Check that sclite is in your path:

$ which sclite

ASR WER Bench

Clone repo:

$ git clone https://github.com/SlangLabs/asr-wer-bench.git

$ cd asr-wer-bench
$ export ASR_WER_BENCH_DIR=`pwd`
$ echo $ASR_WER_BENCH_DIR

Python 3.6.5 or above is required. Set Python virtual environment:

$ python3 -m venv ./.venv
$ source ./.venv/bin/activate

# For CPU machine
$ pip install -r requirements.txt

# For GPU machine
$ pip install -r requirements-gpu.txt

Audio test data:

$ ls -l $ASR_WER_BENCH_DIR/data/en-US/audio

Build KenLM Language Model

Popular Language Model.

NOT NEEDED in current setup for DeepSpeech and wav2letter.

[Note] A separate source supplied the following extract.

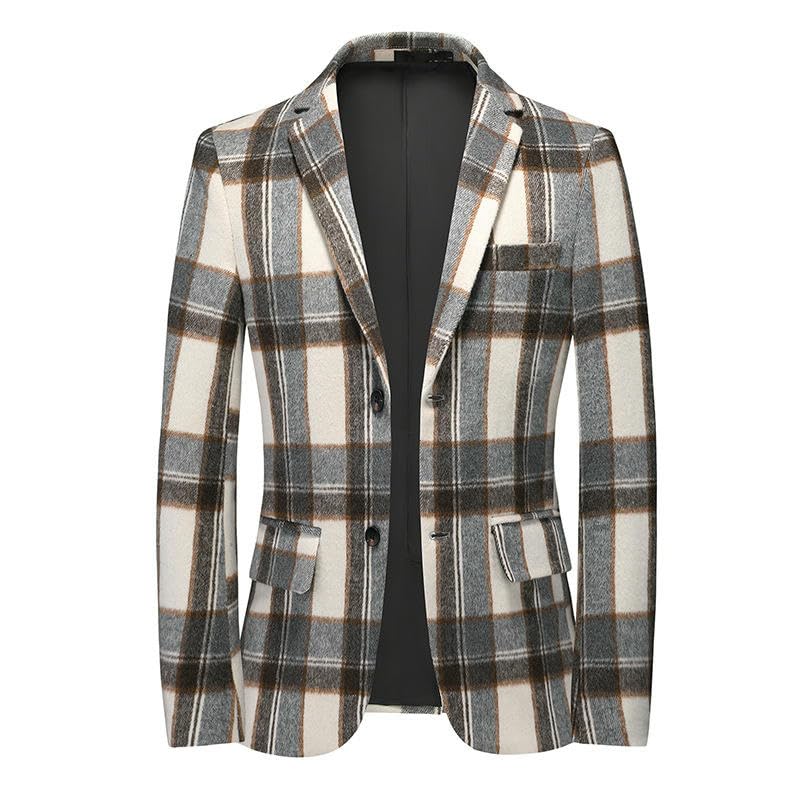 Men's Casual Slim Fit Banquet Plaid Blazer3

Build kenlm package from GitHub source:

$ git clone https://github.com/kpu/kenlm.git
$ cd kenlm
$ export KENLM_ROOT_DIR=`pwd`
$ echo $KENLM_ROOT_DIR

$ mkdir -p build
$ cd build
$ cmake .. -DCMAKE_BUILD_TYPE=Release -DCMAKE_POSITION_INDEPENDENT_CODE=ON
$ make -j 4

$ cd ..

Build KenLM model:

$ mkdir -p $ASR_WER_BENCH_DIR/models/kenlm/en-US/
$ cd $ASR_WER_BENCH_DIR/models/kenlm/en-US/

$ curl -LO http://www.openslr.org/resources/11/4-gram.arpa.gz
$ gunzip 4-gram.arpa.gz

$ $KENLM_ROOT_DIR/build/bin/build_binary trie 4-gram.arpa 4-gram.bin

Audio Test Data

Audio files for testing are expected to be in a single directory. Each test sample is in a pair of files:

  • audio file: <filename>.wav
  • transcript: <filename>.txt

A sample set is provided in ./data/en-US/audio/ directory.


Test Data Preparation

Currently, there are limitations on the length of the audio and transcription clips.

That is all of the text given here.